[[ PROVIDED MATERIAL, beginning ]]

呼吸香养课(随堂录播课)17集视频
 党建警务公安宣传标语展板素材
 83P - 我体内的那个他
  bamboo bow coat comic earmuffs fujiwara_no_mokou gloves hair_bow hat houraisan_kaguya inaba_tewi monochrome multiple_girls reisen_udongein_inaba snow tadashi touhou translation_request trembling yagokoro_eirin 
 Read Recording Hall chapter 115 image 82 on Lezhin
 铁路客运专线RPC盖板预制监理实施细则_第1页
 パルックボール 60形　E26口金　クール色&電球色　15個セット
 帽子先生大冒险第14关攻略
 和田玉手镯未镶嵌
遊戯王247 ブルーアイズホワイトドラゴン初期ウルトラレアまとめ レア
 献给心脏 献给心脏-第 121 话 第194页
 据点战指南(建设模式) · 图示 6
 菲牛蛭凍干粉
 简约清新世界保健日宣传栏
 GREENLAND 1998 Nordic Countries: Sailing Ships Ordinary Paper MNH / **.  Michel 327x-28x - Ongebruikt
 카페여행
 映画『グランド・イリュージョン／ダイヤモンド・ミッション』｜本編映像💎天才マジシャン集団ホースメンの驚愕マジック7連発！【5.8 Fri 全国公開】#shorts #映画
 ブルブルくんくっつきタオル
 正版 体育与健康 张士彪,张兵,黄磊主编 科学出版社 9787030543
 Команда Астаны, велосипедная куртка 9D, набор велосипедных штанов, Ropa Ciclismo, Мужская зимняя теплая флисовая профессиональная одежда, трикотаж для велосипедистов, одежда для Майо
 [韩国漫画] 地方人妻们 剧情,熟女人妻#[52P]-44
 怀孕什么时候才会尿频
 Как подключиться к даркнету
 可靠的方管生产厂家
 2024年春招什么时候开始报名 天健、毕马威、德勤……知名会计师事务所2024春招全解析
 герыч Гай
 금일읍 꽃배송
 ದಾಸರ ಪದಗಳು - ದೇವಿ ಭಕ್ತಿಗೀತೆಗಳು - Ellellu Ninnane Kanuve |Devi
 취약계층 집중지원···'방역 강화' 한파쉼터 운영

[[ PROVIDED MATERIAL, end ]]

YOUR ASSIGNMENT: Once the line that contains "パルックボール 60形　E26口金　クール色&電球色　15個セット" is found, please give it again exactly, along with each line that comes after it, through the last line of the entries.

RESULT BELOW:
 パルックボール 60形　E26口金　クール色&電球色　15個セット
 帽子先生大冒险第14关攻略
 和田玉手镯未镶嵌
遊戯王247 ブルーアイズホワイトドラゴン初期ウルトラレアまとめ レア
 献给心脏 献给心脏-第 121 话 第194页
 据点战指南(建设模式) · 图示 6
 菲牛蛭凍干粉
 简约清新世界保健日宣传栏
 GREENLAND 1998 Nordic Countries: Sailing Ships Ordinary Paper MNH / **.  Michel 327x-28x - Ongebruikt
 카페여행
 映画『グランド・イリュージョン／ダイヤモンド・ミッション』｜本編映像💎天才マジシャン集団ホースメンの驚愕マジック7連発！【5.8 Fri 全国公開】#shorts #映画
 ブルブルくんくっつきタオル
 正版 体育与健康 张士彪,张兵,黄磊主编 科学出版社 9787030543
 Команда Астаны, велосипедная куртка 9D, набор велосипедных штанов, Ropa Ciclismo, Мужская зимняя теплая флисовая профессиональная одежда, трикотаж для велосипедистов, одежда для Майо
 [韩国漫画] 地方人妻们 剧情,熟女人妻#[52P]-44
 怀孕什么时候才会尿频
 Как подключиться к даркнету
 可靠的方管生产厂家
 2024年春招什么时候开始报名 天健、毕马威、德勤……知名会计师事务所2024春招全解析
 герыч Гай
 금일읍 꽃배송
 ದಾಸರ ಪದಗಳು - ದೇವಿ ಭಕ್ತಿಗೀತೆಗಳು - Ellellu Ninnane Kanuve |Devi
 취약계층 집중지원···'방역 강화' 한파쉼터 운영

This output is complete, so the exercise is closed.